Captcha is a system used to stop bots or automatic software to access the site. IRCTC is a popular travel website in india where people book travel tickets on trains. Because of high demand of tickets, booking during peak hours (tatkal) has a captcha image containing letters that humans have to enter to book the ticket. This supposedly stops ticket booking through automated software. But with use of Deep learning this can be acheived.
Irctc used three types of captcha image on its website
- Simple Captcha:
- Coloring Captcha:
- Complex Captcha :
Files Description:
i) irctc_web-scrapping For downloading simple captcha through weblink.

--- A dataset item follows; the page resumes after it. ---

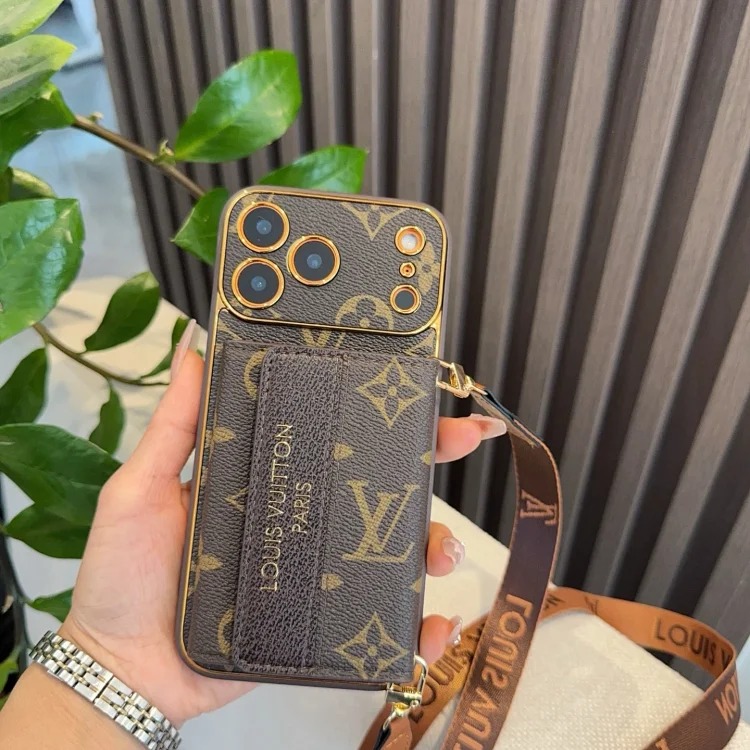 Louis Vuitton Presbyopia spliced original leather case, card holder, classic presbyopia mobile phone case, strong magnetic suction➕logo holder mobile phone case, Montaigne series card hold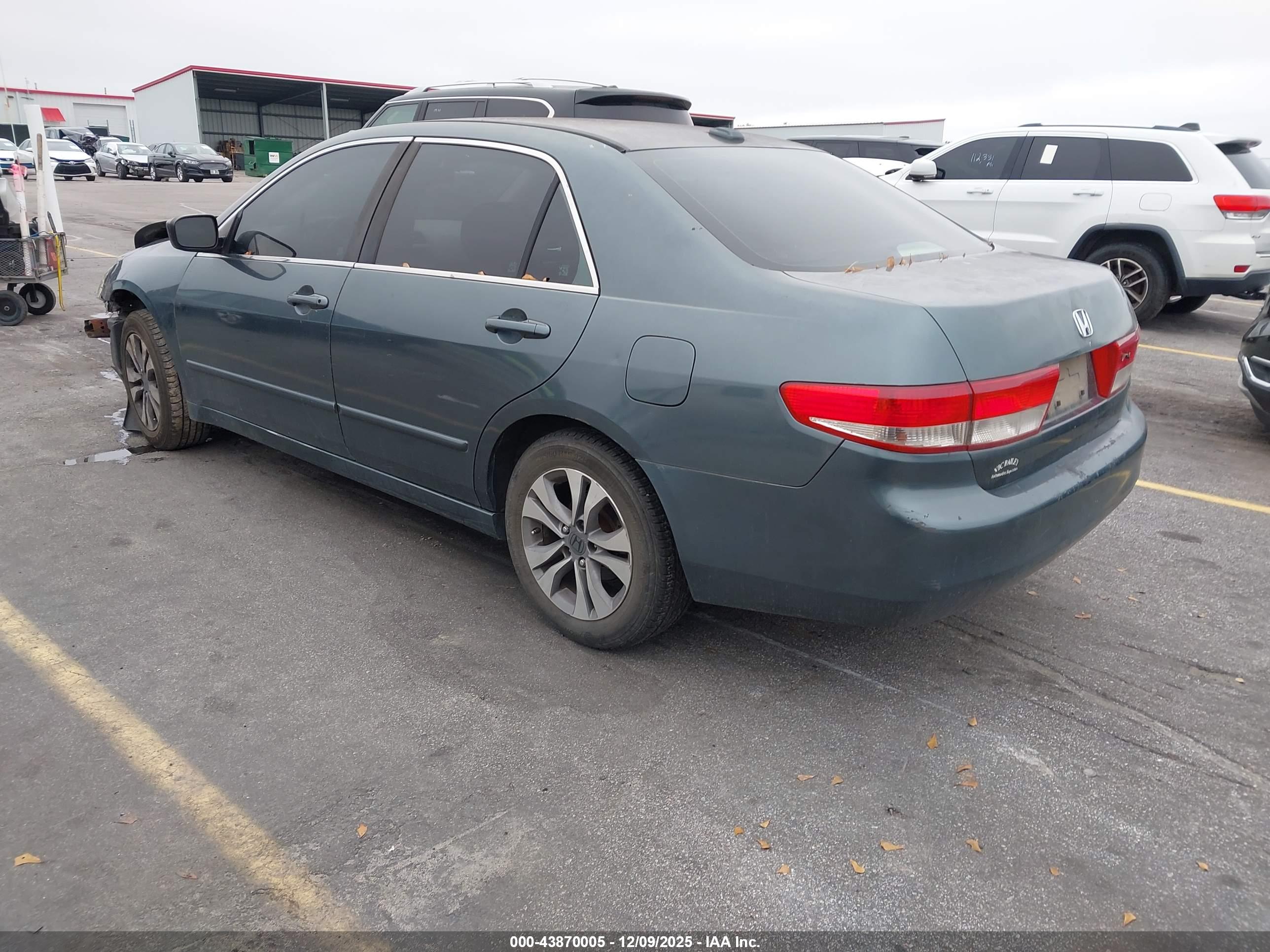 HONDA ACCORD image 3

ii) selenium_download For downloading color and complex captcha through selenium webdriver.
iii) cropping_irctc_images
In case of color captcha images, it starts with "Type in box below:" we crop that images and save it.
iv) extract_single_letters_from_captcha
After creating captcha images database, letters from captcha is extracted and stored in their respective folder.
v) train_model
We are using keras framework for building model and we are using 4 convolution layer.
vi) captcha_model.hdf5
After training the model we save the model in this file.
vii) model_labels.dat
We stored all the labels value in this file.
viii) solve_captcha_with_model
This file is used for predicting captcha image label.
ix) new_irctc_login
It contains code for booking ticket on irctc.
x) google_service.json, firebase_remote_config, firebase_database_access
All the files are related with firebase